By the remark of 2b), This is all we need to prove that \(\phi\) satisfies the inequality of 2b), and hence by extension, that it is \((\beta-\alpha)\)-smooth. Then by 2c) we have

\[\|\nabla \phi(y)-\nabla \phi(x)\|^2\leq (\beta-\alpha) (\nabla \phi(x)-\nabla \phi(y))^\top (x-y)\]

Rewriting this back in terms of \(f\) we get

\[\|\nabla f(y)-\nabla f(x)+\alpha(x-y)\|^2\leq (\beta-\alpha)(\nabla f(x)-\nabla f(y) +\alpha(y-x))^\top (x-y)\]

Hence

\[\|\nabla f(y)-\nabla f(x)+\alpha(x-y)\|^2 +\alpha(\beta-\alpha)\|x-y\|^2\leq (\beta-\alpha) (\nabla f(x)-\nabla f(y))^\top (x-y)\]

Now we expand the first term

\[\begin{split}\begin{align} \|\nabla f(y)-\nabla f(x)\|^2+(\alpha^2+\alpha(\beta-\alpha))&\|x-y\|^2-2\alpha (\nabla f(x)-\nabla f(y))^\top (x-y)\\ &\leq (\beta-\alpha) (\nabla f(x)-\nabla f(y))^\top (x-y) \end{align}\end{split}\]

Thenn finally, this gives

\[(\nabla f(x)-\nabla f(y))^\top (x-y) \geq \frac{1}{\alpha+\beta}\|\nabla f(y)-\nabla f(x)\|^2+\frac{\alpha\beta}{\alpha+\beta}\|x-y\|^2\]

as required.

Exercise 3: Boolean least squares

Exercise

Let \(A\in \mathbb R^{m\times n}\) and \(b\in \mathbb R^m\). We consider the Boolean least squares problem

\[\begin{split}\begin{array}{ll} \text{minimize} & \|Ax-b\|^2\\ \text{subject to} & x_i\in \{-1,\,1\}, \quad i=1,\dots,n \end{array}\end{split}\]

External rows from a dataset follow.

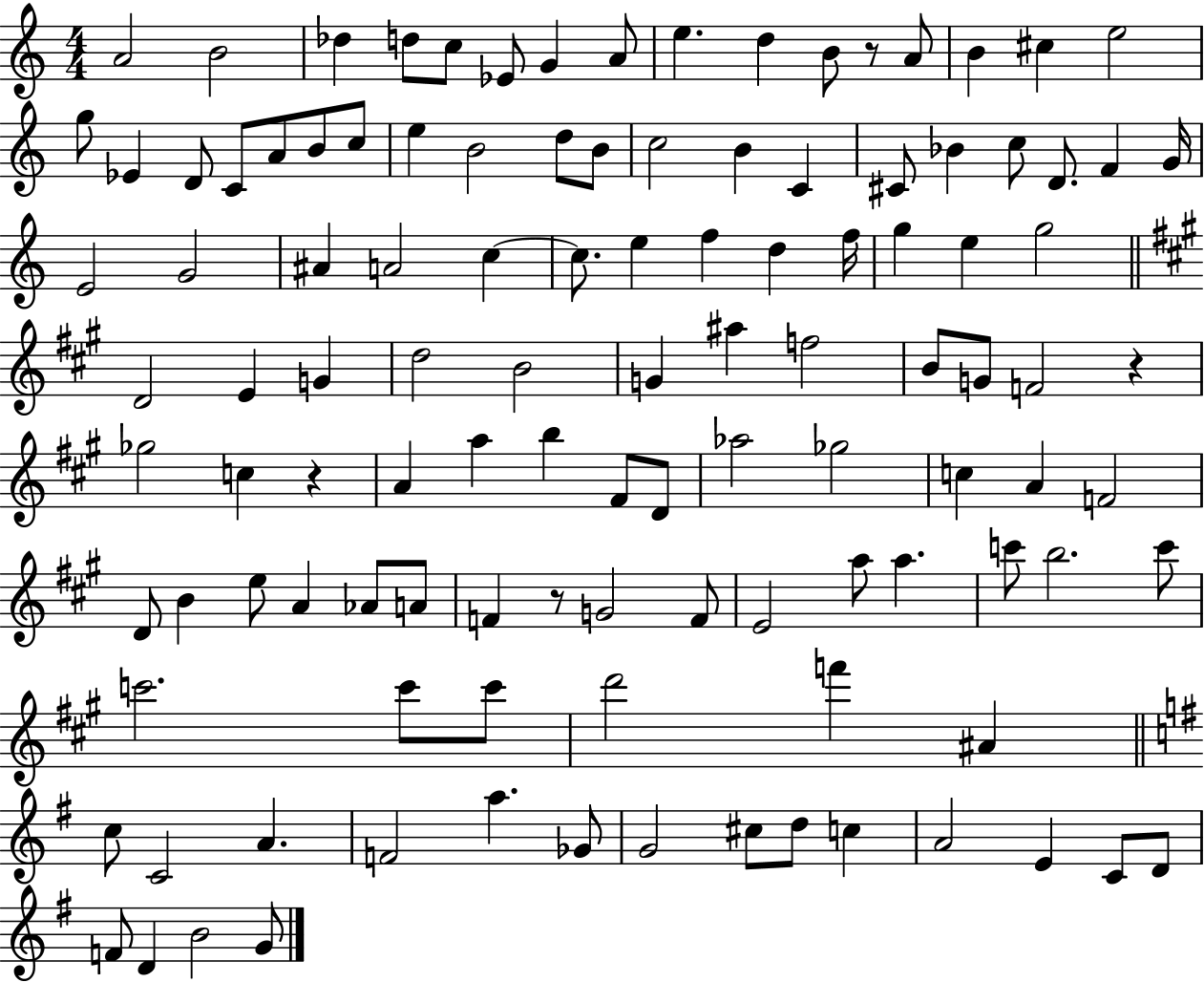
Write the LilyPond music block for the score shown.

{
  \clef treble
  \numericTimeSignature
  \time 4/4
  \key c \major
  a'2 b'2 | des''4 d''8 c''8 ees'8 g'4 a'8 | e''4. d''4 b'8 r8 a'8 | b'4 cis''4 e''2 | \break g''8 ees'4 d'8 c'8 a'8 b'8 c''8 | e''4 b'2 d''8 b'8 | c''2 b'4 c'4 | cis'8 bes'4 c''8 d'8. f'4 g'16 | \break e'2 g'2 | ais'4 a'2 c''4~~ | c''8. e''4 f''4 d''4 f''16 | g''4 e''4 g''2 | \break \bar "||" \break \key a \major d'2 e'4 g'4 | d''2 b'2 | g'4 ais''4 f''2 | b'8 g'8 f'2 r4 | \break ges''2 c''4 r4 | a'4 a''4 b''4 fis'8 d'8 | aes''2 ges''2 | c''4 a'4 f'2 | \break d'8 b'4 e''8 a'4 aes'8 a'8 | f'4 r8 g'2 f'8 | e'2 a''8 a''4. | c'''8 b''2. c'''8 | \break c'''2. c'''8 c'''8 | d'''2 f'''4 ais'4 | \bar "||" \break \key g \major c''8 c'2 a'4. | f'2 a''4. ges'8 | g'2 cis''8 d''8 c''4 | a'2 e'4 c'8 d'8 | \break f'8 d'4 b'2 g'8 | \bar "|."
}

This is not a convex problem, and we thus want to relax it to a convex problem giving a useful lower bound.

Exercise 3a)

Exercise

Show that the Boolean least squares problem is equivalent to

\[\begin{split}\begin{array}{ll} \text{minimize} & \operatorname{tr}(A^\top A X)-2b^\top Ax+b^\top b \\ \text{subject to} & X = xx^\top\\ & X_{ii} = 1,\quad i=1,\dots,n \end{array}\end{split}\]

Where we consider the minimization problem with variables \(x\in \mathbb R^n\) and \(X\in\mathbb S(n)\).

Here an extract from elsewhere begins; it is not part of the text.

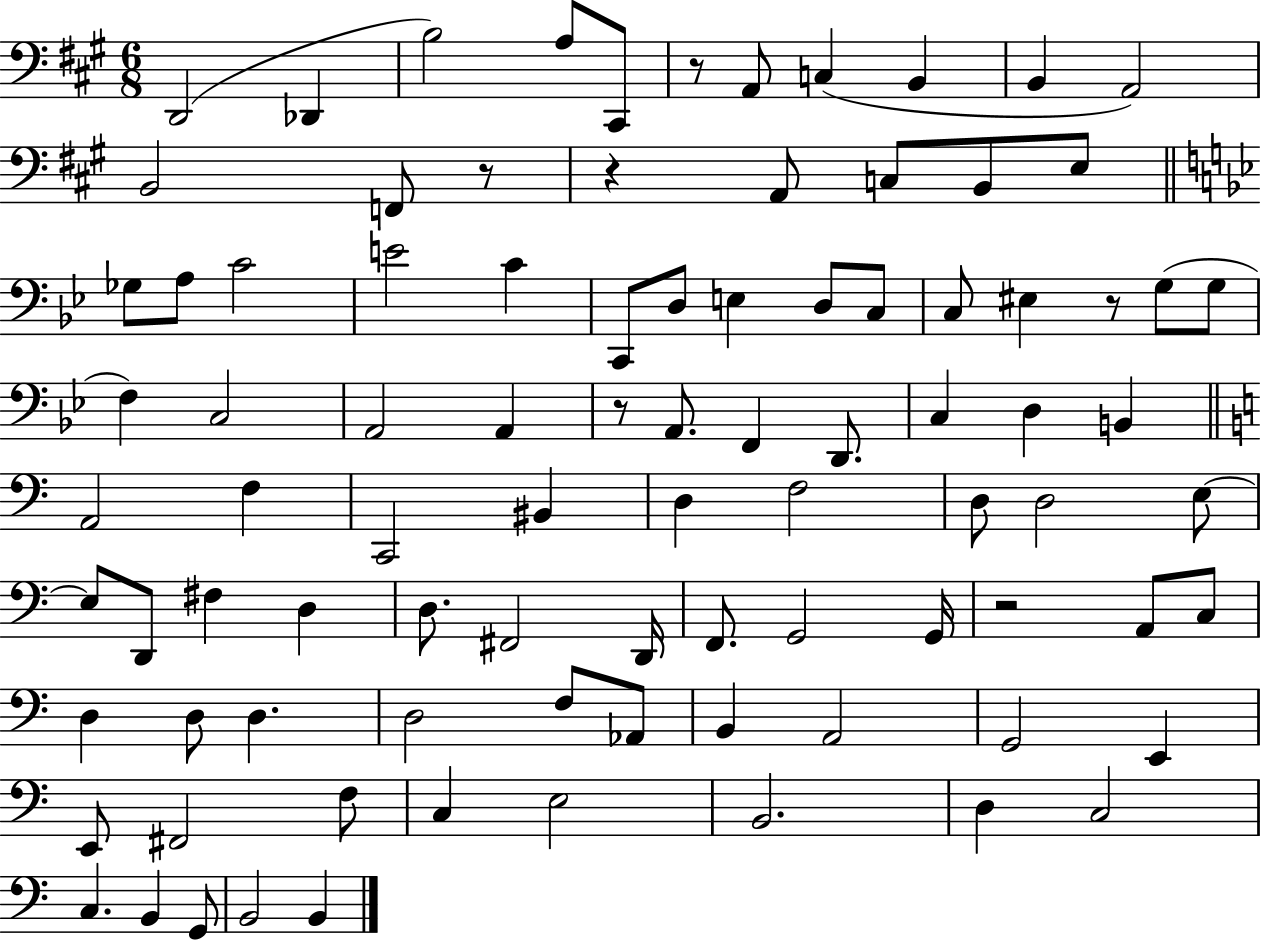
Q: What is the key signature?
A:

We expand the objective of the Boolean least squares problem,

\[\|Ax-b\|^2 = x^\top A^\top Ax-2b^\top Ax+b^\top b\]

Then

\[x^\top A^\top A x = \operatorname{tr}(x^\top A^\top A x)=\operatorname{tr}( A^\top A xx^\top)\]

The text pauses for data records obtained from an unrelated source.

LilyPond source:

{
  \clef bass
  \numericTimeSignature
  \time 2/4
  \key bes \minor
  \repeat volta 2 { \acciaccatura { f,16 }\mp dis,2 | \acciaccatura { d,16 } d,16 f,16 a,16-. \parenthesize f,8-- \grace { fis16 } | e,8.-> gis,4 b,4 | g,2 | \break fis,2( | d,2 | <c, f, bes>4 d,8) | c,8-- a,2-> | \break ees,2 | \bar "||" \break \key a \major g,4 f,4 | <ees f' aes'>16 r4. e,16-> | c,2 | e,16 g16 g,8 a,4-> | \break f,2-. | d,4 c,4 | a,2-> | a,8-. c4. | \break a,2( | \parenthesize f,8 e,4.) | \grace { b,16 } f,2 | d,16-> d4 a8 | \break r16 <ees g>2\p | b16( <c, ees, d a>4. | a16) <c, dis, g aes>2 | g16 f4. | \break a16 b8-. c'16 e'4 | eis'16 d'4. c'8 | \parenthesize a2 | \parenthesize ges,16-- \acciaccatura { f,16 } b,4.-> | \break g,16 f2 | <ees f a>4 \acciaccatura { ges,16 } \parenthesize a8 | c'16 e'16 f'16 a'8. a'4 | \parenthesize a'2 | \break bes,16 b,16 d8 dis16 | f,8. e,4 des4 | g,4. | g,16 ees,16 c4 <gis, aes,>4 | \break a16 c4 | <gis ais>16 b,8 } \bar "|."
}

Under the constraint \(X=xx^\top\) we thus get an equivalence of the objectives of the two problems. Since \((xx^\top)_{ii}=x_i^2\), and \(x_i^2=1\) if and only if \(x_i\in\{-1,1\}\), we conclude the problems are equivalent.

Exercise 3b)

Exercise

We want to write the objective function of 3a) as an SDP objective of form \(\operatorname{tr}(BY)\). To this end, let

\[\begin{split}Y = \begin{pmatrix} X & x \\ x^\top & 1 \end{pmatrix},\qquad B=\begin{pmatrix}C&d\\d^\top &\alpha\end{pmatrix}\end{split}\]

Find the symmetric block matrix \(B\) such that

\[\operatorname{tr}(A^\top A X)-2b^\top Ax+b^\top b = \operatorname{tr}(BY)\]

We compute

\[\begin{split}BY = \begin{pmatrix}X & x \\ x^\top & 1\end{pmatrix}\begin{pmatrix}C&d\\d^\top &\alpha\end{pmatrix}= \begin{pmatrix} CX+d^\top x & cx+d \\ d^\top X+\alpha x^\top & d^\top x+\alpha \end{pmatrix}\end{split}\]

Therefore

\[\operatorname{tr}(BY) = \operatorname{tr}(CX) + 2d^\top x+ \alpha\]

giving

\[C = A^\top A,\quad d=-b^\top A,\quad \alpha=b^\top b\]

Exercise 3c)

Exercise

Let \(B\) be as in the previous exercise. Show that the following SDP is a convex relaxation of the Boolean least squares problem, i.e. the solution gives a lower bound to the Boolean least squares problem:

\[\begin{split}\begin{array}{ll} \text{minimize} & \operatorname{tr}(BY) \\ \text{subject to} & Y\succeq0\\ & Y_{ii}=1 \end{array}\end{split}\]

If we set

\[\begin{split}Y = \begin{pmatrix}xx^\top & x\\x^\top & 1\end{pmatrix}\end{split}\]

Then the objective reduces to that of the Boolean least squares problem on the feasible set by 3a) and 3b). Furthermore if \(x\) is feasible for the Boolean least squares problem, then \(x_i^2 = (xx^\top)_{ii}=1\) and hence \(Y_{ii}=1\). Furthermore \(Y\) is positive semidefinite. Indeed, if \(\xi=(y,\alpha)\) with \(y\in \mathbb R^n\) and \(\alpha\in \mathbb R\) then \(\xi^\top Y\xi = (y^\top x+\alpha)^2\geq 0\). Therefore the feasible set for the SDP is larger than that for the Boolean least squares problem, and the SDP is thus a relaxation.